Memory Bandwidth: Memory bandwidth is the maximum amount of information (measured in MB per second) that can be transferred over the external memory interface within a second. It's calculated by multiplying the card's bus width by the speed of its memory. If it uses DDR memory, it should be multiplied by 2 again. If it uses DDR5, multiply by ANOTHER 2x. The better the card's memory bandwidth, the better the card will be in general. It especially helps with anti-aliasing, High Dynamic Range and high resolutions.

Texel Rate: Texel rate is the maximum number of texture map elements (texels) that can be processed per second. This figure is calculated by multiplying the total amount of texture units of the card by the core clock speed of the chip. The better this number, the better the card will be at handling texture filtering (anisotropic filtering - AF). It is measured in millions of texels in one second.

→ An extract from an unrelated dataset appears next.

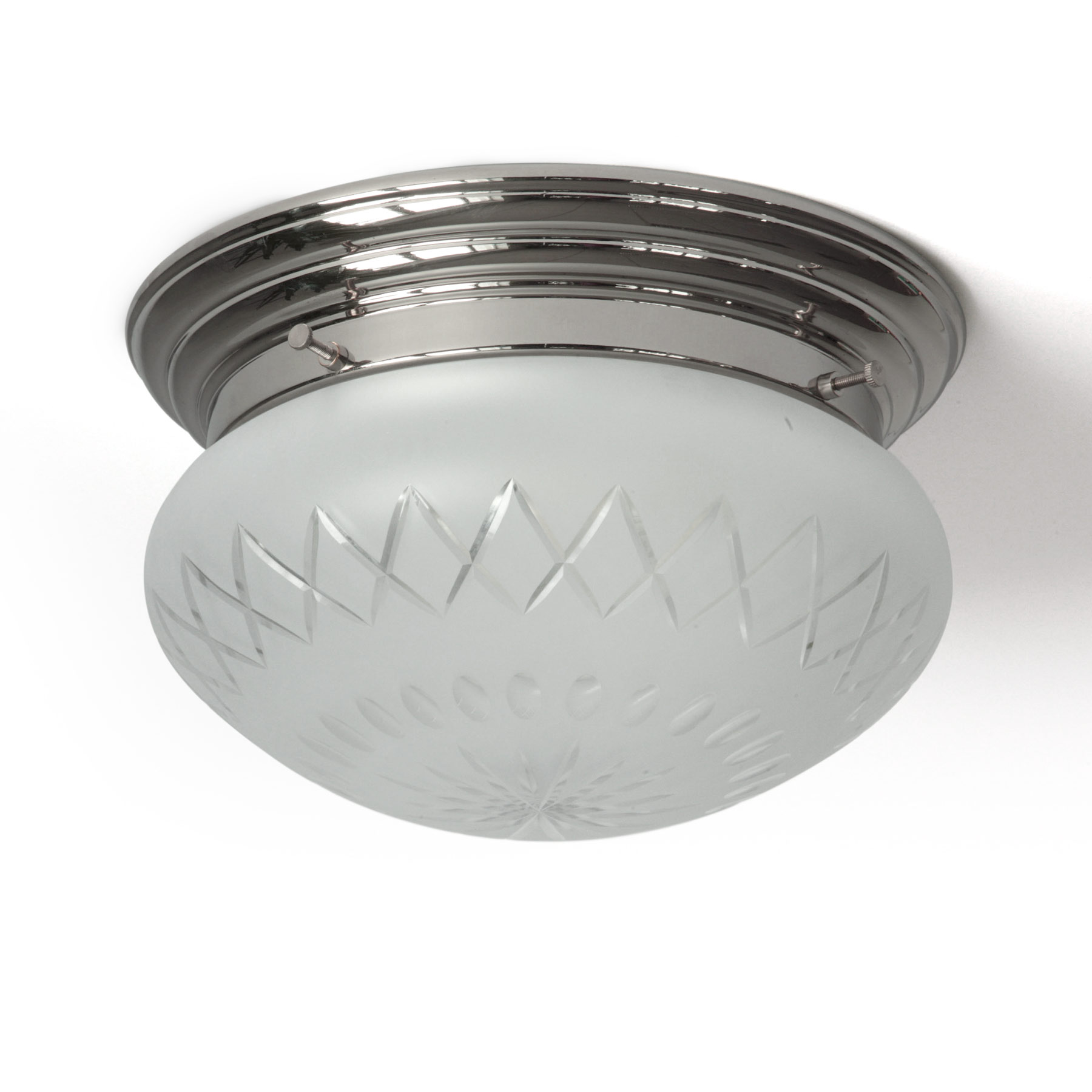 Deckenleuchte mit geschliffener, matter Glashaube, Ø 24 cm Deckenleuchte mit geschliffener, matter Glashaube, Ø 24 cm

Pixel Rate: Pixel rate is the maximum amount of pixels that the graphics chip could possibly write to its local memory in a second - measured in millions of pixels per second. Pixel rate is worked out by multiplying the amount of ROPs by the the core speed of the card. ROPs (Raster Operations Pipelines - also sometimes called Render Output Units) are responsible for outputting the pixels (image) to the screen. The actual pixel output rate also depends on quite a few other factors, most notably the memory bandwidth of the card - the lower the bandwidth is, the lower the ability to get to the max fill rate.


3 Responses to “Radeon HD 7870 vs Radeon HD 7970”
andrew says:

people at hardware compare do you mind telling me how the 7970 is better then the 7870 at everything else but the 7870 is better at handling higher resolutions? makes no sense

Richard says:

Has a higher pixel rate

Prized says:

The reason the 7870 only has the advantage of handling higher resolutions easier than the 7970 is probably due to the fact that the video decoder inside the 7970 has been downgraded slightly. I try to run dual monitors and I end up with an increase of 10 degrees on my video card as well as the decoder potentially giving up and starting to display a horribly, HORRIBLY distorted signal.

Whoever thought downgrading the decoder for more performance was a good idea was obviously not quite thinking...however, I still appreciate how powerful this video card is even by today's standards.